Depuis l’automne 2021, dans un joli quartier de Chambéry, une nouvelle librairie franco-italienne a ouvert ses portes : L’accent qui chante, qui porte bien son nom !

Dans un espace « azzurro » comme le ciel d’Italie, on découvre dans une série de pièces en enfilade une large sélection de livres en français et en italien, une épicerie fine pour agrémenter les lectures de bons produits italiens, des articles de papeterie et des idées cadeaux, rigoureusement écologiques et souvent fabriqués de manière artisanale.

Bonjour Flavia, comment vous est venue l’idée d’ouvrir une librairie franco-italienne ?

C’est l’aboutissement d’un projet né d’une reconversion professionnelle. Après des études en Lettres et en Histoire effectuées à Rome et à Paris, j’ai travaillé pendant quelques années entre Paris et Lyon pour des organismes publics et privés œuvrant dans le développement local et la coopération européenne. Les changements liés à ma vie familiale, et notamment l’arrivée de mon premier enfant, m’ont amenée à me remettre en question et à réfléchir sur un projet plus personnel qui donnerait du sens et « justifierait », en quelque sorte, mon choix de vivre en France. Ma passion pour la littérature et l’écriture m’ont poussée à intégrer une formation en création et reprise de librairie, que j’ai complétée en effectuant un stage auprès de La Libreria (Paris), tenue par les sympathiques Florence et Andrea. Enfin, les nombreux échanges avec d’une part mes professeurs et collègues de formation et différents acteurs du livre en région Auvergne Rhône-Alpes, m’ont ouvert les clés du métier et permis de franchir le pas de la création.

« Une librairie vivante et vibrante aux couleurs d’Italie mais grande ouverte sur le monde ! » Quelle identité as-tu voulu pour L’accent qui chante, librairie indépendante ?

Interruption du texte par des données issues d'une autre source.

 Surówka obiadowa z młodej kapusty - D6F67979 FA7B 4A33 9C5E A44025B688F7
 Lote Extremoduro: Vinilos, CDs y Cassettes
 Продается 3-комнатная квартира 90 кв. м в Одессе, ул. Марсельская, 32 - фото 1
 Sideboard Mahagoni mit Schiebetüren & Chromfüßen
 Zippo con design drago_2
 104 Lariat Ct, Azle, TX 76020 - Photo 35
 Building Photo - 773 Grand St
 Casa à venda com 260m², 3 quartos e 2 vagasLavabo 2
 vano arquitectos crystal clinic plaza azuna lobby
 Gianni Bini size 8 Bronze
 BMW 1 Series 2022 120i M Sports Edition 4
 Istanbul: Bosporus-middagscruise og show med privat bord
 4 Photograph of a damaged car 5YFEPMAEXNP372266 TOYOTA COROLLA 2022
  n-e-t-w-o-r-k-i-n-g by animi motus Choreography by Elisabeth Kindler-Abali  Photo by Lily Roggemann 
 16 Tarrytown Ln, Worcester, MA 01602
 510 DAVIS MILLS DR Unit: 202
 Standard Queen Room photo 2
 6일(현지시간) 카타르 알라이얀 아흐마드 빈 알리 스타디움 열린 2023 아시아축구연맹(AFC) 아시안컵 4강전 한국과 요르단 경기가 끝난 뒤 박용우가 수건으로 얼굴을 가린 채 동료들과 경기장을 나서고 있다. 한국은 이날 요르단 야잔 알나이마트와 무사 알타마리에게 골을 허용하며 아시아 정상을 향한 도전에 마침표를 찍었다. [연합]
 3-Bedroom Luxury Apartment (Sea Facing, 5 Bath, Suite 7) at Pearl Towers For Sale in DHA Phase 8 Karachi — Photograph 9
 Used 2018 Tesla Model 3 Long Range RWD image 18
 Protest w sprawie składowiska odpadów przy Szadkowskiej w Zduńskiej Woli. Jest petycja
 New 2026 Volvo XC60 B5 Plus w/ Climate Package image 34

L’accent qui chante se veut une librairie généraliste de quartier, avec la spécificité de proposer une large offre de livres d’auteurs italiens, en langue originale ou en version traduite. Si la littérature italienne était pour moi une évidence par mes origines, j’ai souhaité que la littérature française et du monde soient également présentes afin d’ouvrir mes horizons et créer des passerelles entre différentes cultures. Ainsi, j’aime parfois « jouer » avec les livres et proposer des livres-binômes traitant de la même thématique ou ayant des points en commun. J’ai constitué mon stock de départ en me basant sur mes goûts et mes intérêts, plus que sur les statistiques de vente. La littérature générale est prédominante, mais je propose également des essais, des bandes dessinées, des romans graphiques, de la littérature jeunesse, etc. J’organise des rencontres d’auteurs et d’autres événements, dont un club de lecture, « Sinergie letterarie », entièrement dédié à la littérature italienne, qui est particulièrement appréciée par les lecteurs italophones et italophiles. Le principe est simple : chacun lit le même livre et l’on se retrouve tous les premiers mardis du mois pour en discuter à la librairie (ou à l’extérieur, si les circonstances le permettent). Pas d’animateur. On laisse chaque personne s’exprimer à son tour et seulement après on parle à bâtons rompus.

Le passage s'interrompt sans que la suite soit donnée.